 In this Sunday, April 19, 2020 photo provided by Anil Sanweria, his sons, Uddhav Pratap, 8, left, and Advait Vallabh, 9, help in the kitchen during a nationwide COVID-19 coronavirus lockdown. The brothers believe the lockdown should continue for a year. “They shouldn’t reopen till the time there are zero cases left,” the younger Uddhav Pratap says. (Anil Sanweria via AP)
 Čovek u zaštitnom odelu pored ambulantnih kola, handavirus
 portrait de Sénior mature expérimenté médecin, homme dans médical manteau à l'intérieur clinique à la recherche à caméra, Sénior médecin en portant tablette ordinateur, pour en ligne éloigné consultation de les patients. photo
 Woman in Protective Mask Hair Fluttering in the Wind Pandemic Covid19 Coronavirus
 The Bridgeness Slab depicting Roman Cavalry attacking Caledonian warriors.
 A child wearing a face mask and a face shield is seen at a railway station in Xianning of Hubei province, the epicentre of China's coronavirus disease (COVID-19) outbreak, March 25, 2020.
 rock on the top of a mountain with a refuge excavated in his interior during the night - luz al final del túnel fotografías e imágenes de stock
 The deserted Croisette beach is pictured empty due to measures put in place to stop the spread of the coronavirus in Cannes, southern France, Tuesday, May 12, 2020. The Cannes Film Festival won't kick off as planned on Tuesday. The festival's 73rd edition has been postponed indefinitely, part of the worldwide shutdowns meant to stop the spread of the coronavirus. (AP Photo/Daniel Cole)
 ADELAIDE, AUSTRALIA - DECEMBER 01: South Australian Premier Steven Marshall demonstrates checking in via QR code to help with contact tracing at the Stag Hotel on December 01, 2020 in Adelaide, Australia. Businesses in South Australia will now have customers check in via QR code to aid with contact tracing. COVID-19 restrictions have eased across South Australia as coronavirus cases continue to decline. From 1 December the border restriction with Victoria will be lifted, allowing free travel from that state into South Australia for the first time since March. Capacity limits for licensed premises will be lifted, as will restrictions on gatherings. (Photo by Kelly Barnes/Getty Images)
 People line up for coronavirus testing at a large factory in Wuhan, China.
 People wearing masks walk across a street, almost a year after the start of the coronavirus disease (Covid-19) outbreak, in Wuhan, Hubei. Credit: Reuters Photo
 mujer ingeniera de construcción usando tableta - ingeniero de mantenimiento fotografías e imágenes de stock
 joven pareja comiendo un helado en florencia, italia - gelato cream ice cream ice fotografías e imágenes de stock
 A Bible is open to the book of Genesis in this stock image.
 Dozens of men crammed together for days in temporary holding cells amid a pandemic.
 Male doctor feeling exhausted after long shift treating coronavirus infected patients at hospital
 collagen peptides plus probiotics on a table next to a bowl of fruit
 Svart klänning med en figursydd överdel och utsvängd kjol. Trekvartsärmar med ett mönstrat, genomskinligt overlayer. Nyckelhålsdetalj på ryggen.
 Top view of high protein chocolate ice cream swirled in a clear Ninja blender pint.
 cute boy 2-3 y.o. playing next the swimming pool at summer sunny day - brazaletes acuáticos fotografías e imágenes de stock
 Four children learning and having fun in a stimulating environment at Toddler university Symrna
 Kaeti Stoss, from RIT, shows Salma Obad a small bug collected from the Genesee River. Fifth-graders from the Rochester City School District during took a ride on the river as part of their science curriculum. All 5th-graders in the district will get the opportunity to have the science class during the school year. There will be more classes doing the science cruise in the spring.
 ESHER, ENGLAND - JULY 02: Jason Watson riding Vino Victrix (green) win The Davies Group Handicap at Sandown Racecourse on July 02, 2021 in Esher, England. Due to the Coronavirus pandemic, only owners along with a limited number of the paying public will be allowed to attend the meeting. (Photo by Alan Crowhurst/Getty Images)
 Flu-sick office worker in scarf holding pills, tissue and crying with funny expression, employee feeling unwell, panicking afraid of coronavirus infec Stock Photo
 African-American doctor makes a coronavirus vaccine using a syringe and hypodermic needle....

# Task instructions
If a line in the entries holds the string "Getty", copy it.

# Task output
 ADELAIDE, AUSTRALIA - DECEMBER 01: South Australian Premier Steven Marshall demonstrates checking in via QR code to help with contact tracing at the Stag Hotel on December 01, 2020 in Adelaide, Australia. Businesses in South Australia will now have customers check in via QR code to aid with contact tracing. COVID-19 restrictions have eased across South Australia as coronavirus cases continue to decline. From 1 December the border restriction with Victoria will be lifted, allowing free travel from that state into South Australia for the first time since March. Capacity limits for licensed premises will be lifted, as will restrictions on gatherings. (Photo by Kelly Barnes/Getty Images)
 ESHER, ENGLAND - JULY 02: Jason Watson riding Vino Victrix (green) win The Davies Group Handicap at Sandown Racecourse on July 02, 2021 in Esher, England. Due to the Coronavirus pandemic, only owners along with a limited number of the paying public will be allowed to attend the meeting. (Photo by Alan Crowhurst/Getty Images)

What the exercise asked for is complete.